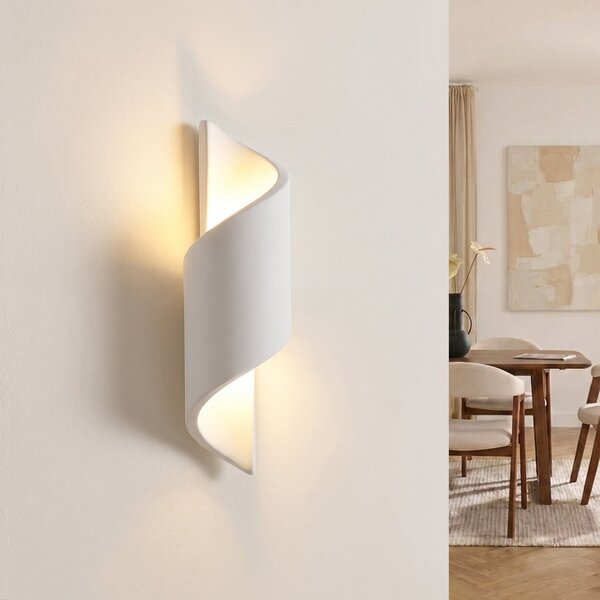 Lindby Aplică Desirio, albă, 35 cm, G9, ceramică, reglabil, Alb, Camera de zi / sufragerie, Tencuială / Argilă, Modern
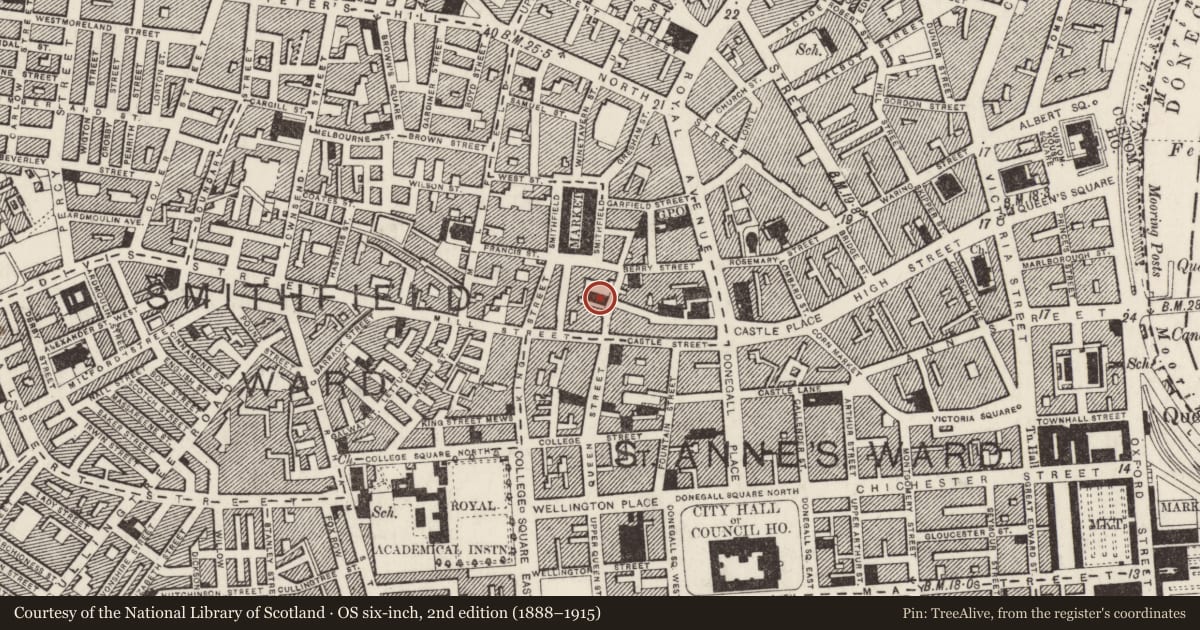 Ordnance Survey six-inch map, 2nd edition (1888–1915) covering the location of St. Mary'S Hall, Belfast, with a pin at the register's coordinates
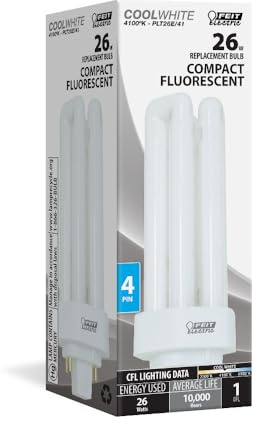 Feit Electric 26-Watt PLT CFL Light Bulb, GX24Q-3 4-Pin Base, 1600 Lumens, 4100K Cool White, PL-Shaped Compact Fluorescent Bulb for General Purpose and Task Lighting, 10,000 Hour Lifetime, PLT26E/41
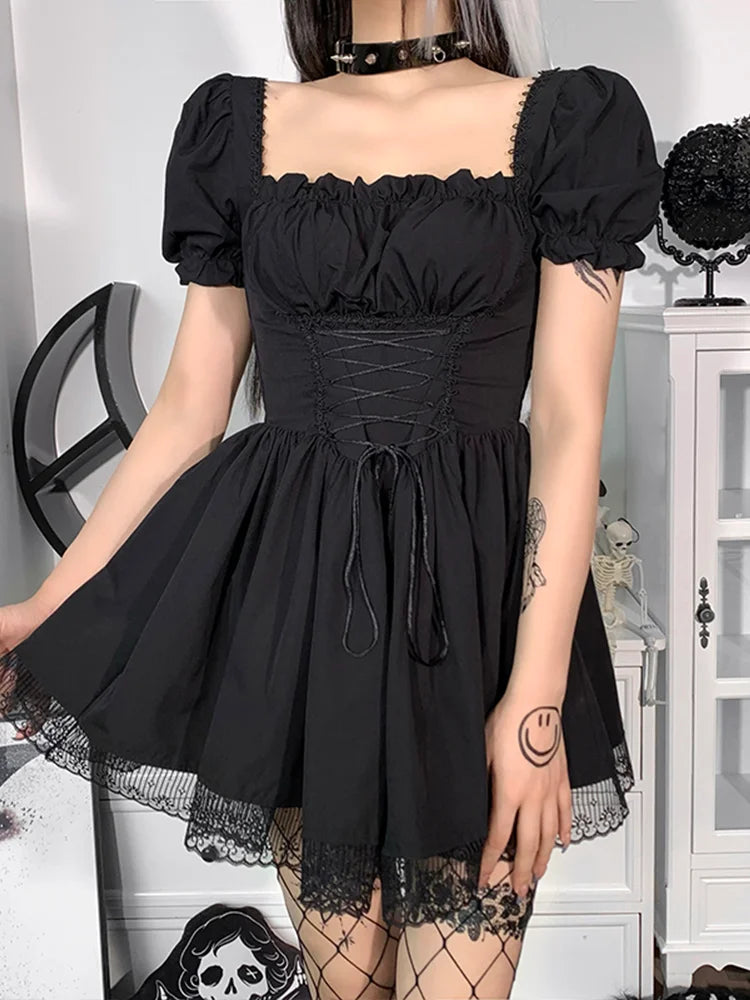 Lolita Corset Sleeve Vintage Mini Puff Aesthetic Waist Goth Black High Trim Lace Bandage Gown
# # # # #
**Exercise brief**
Nothing but the lines from the line with "Ordnance Survey six-inch" through the last line of the listing should be copied, exactly and with both ends kept. Leave pictures out.

**Solution to this task**
 Ordnance Survey six-inch map, 2nd edition (1888–1915) covering the location of St. Mary'S Hall, Belfast, with a pin at the register's coordinates
 Feit Electric 26-Watt PLT CFL Light Bulb, GX24Q-3 4-Pin Base, 1600 Lumens, 4100K Cool White, PL-Shaped Compact Fluorescent Bulb for General Purpose and Task Lighting, 10,000 Hour Lifetime, PLT26E/41
 Lolita Corset Sleeve Vintage Mini Puff Aesthetic Waist Goth Black High Trim Lace Bandage Gown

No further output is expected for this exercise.